**Information supplied:**
┌──

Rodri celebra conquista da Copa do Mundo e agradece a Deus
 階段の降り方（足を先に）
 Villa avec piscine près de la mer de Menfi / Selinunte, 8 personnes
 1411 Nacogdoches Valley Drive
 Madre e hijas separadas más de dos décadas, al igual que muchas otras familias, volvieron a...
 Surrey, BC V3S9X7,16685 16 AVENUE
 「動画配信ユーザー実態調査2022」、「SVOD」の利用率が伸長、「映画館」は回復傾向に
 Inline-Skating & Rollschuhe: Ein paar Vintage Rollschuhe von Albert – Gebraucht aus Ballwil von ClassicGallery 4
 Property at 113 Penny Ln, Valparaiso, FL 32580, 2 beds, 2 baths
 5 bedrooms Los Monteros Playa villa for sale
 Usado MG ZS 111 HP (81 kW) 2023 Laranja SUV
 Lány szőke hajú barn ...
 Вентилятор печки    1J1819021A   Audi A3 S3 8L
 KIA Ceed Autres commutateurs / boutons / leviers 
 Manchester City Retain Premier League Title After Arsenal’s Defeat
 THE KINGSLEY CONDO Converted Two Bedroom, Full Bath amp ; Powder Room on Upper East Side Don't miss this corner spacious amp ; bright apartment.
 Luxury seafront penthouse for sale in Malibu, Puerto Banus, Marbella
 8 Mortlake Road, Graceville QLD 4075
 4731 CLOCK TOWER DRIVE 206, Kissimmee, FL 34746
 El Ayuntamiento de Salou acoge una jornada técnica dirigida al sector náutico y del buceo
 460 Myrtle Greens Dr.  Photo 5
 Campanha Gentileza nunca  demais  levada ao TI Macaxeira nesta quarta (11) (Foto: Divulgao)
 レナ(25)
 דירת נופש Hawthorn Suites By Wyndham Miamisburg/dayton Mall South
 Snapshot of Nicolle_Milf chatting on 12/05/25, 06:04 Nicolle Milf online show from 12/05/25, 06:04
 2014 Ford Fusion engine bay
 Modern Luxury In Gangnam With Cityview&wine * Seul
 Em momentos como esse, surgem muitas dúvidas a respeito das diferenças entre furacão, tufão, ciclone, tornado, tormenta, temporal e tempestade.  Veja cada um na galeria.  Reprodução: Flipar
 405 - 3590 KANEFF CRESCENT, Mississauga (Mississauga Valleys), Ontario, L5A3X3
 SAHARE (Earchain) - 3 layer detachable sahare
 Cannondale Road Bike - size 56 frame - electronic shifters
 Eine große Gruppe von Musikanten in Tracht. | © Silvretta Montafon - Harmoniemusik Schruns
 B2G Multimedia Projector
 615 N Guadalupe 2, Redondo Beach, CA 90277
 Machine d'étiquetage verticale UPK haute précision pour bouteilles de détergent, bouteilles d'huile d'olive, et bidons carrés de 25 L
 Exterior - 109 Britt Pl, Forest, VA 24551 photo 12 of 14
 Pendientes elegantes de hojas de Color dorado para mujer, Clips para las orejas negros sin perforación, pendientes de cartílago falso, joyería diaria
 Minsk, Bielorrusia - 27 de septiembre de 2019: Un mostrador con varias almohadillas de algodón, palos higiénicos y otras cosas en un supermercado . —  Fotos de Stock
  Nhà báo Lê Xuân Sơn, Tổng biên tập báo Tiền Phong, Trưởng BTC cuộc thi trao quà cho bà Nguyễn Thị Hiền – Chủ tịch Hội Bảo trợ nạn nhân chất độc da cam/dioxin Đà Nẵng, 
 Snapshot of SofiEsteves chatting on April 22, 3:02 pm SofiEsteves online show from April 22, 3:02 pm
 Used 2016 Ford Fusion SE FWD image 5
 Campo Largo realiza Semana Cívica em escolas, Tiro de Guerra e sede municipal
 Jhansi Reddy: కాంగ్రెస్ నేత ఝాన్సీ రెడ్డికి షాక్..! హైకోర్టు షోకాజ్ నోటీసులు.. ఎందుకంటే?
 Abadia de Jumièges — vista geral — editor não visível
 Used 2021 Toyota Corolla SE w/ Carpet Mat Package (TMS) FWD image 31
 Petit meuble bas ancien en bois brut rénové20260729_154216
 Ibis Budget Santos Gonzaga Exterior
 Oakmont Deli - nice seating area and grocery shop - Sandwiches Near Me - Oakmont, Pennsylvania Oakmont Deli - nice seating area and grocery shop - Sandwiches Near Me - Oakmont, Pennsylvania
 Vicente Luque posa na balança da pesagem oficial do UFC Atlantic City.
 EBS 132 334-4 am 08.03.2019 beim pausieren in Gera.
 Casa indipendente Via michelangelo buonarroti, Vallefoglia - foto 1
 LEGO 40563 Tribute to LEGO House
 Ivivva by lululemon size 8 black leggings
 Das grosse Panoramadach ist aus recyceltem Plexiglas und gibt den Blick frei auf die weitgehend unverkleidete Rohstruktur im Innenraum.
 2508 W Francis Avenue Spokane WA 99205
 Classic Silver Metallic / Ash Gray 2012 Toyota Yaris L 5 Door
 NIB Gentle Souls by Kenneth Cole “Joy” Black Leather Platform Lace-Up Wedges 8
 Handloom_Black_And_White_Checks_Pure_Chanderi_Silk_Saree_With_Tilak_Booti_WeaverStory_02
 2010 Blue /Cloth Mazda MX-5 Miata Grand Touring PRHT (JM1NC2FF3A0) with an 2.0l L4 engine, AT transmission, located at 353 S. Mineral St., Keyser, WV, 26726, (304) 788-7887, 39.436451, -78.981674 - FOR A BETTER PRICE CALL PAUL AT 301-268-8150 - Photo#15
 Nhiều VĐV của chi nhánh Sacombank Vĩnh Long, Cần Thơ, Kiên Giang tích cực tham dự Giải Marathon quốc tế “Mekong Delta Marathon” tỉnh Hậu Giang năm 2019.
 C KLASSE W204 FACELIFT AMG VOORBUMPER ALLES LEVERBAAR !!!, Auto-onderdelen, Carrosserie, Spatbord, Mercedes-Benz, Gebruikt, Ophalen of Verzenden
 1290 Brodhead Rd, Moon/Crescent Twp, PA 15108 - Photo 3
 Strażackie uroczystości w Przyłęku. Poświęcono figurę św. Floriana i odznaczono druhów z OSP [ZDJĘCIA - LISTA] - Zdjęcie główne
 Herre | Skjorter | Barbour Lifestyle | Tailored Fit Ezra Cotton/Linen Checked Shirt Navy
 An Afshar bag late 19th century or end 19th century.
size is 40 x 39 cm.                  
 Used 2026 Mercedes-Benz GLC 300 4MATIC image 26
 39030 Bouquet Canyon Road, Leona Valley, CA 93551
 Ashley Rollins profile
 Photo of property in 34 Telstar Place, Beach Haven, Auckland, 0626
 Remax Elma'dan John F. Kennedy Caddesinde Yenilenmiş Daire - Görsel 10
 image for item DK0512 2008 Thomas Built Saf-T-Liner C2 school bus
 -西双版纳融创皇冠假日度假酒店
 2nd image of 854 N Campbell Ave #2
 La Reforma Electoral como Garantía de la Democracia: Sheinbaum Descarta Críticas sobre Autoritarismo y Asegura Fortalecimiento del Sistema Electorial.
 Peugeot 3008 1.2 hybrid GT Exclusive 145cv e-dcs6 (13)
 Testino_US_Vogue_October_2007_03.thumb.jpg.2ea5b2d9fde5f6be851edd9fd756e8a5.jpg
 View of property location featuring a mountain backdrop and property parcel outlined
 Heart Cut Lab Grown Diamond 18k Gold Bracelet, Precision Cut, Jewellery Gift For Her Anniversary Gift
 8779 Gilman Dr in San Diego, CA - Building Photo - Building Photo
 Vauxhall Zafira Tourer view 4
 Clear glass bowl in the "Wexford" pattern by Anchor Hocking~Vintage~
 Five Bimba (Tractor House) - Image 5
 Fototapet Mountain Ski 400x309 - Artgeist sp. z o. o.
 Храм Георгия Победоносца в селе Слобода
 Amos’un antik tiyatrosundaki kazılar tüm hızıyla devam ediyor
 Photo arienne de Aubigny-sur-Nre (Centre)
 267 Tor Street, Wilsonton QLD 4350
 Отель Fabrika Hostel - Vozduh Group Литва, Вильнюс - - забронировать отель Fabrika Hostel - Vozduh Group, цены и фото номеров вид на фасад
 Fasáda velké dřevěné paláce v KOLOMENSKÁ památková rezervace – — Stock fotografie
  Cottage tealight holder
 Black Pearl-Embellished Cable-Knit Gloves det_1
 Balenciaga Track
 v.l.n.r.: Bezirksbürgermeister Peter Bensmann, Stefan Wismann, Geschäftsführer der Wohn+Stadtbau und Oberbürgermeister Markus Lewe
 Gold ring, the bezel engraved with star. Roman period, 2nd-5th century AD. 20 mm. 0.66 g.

└──

**What this task involves:** Extract exactly and only the lines above from the line containing "Exterior - 109" through the line containing "Used 2016 Ford Fusion SE FWD image 5", both end lines included.

**Result of this task:**
 Exterior - 109 Britt Pl, Forest, VA 24551 photo 12 of 14
 Pendientes elegantes de hojas de Color dorado para mujer, Clips para las orejas negros sin perforación, pendientes de cartílago falso, joyería diaria
 Minsk, Bielorrusia - 27 de septiembre de 2019: Un mostrador con varias almohadillas de algodón, palos higiénicos y otras cosas en un supermercado . —  Fotos de Stock
  Nhà báo Lê Xuân Sơn, Tổng biên tập báo Tiền Phong, Trưởng BTC cuộc thi trao quà cho bà Nguyễn Thị Hiền – Chủ tịch Hội Bảo trợ nạn nhân chất độc da cam/dioxin Đà Nẵng, 
 Snapshot of SofiEsteves chatting on April 22, 3:02 pm SofiEsteves online show from April 22, 3:02 pm
 Used 2016 Ford Fusion SE FWD image 5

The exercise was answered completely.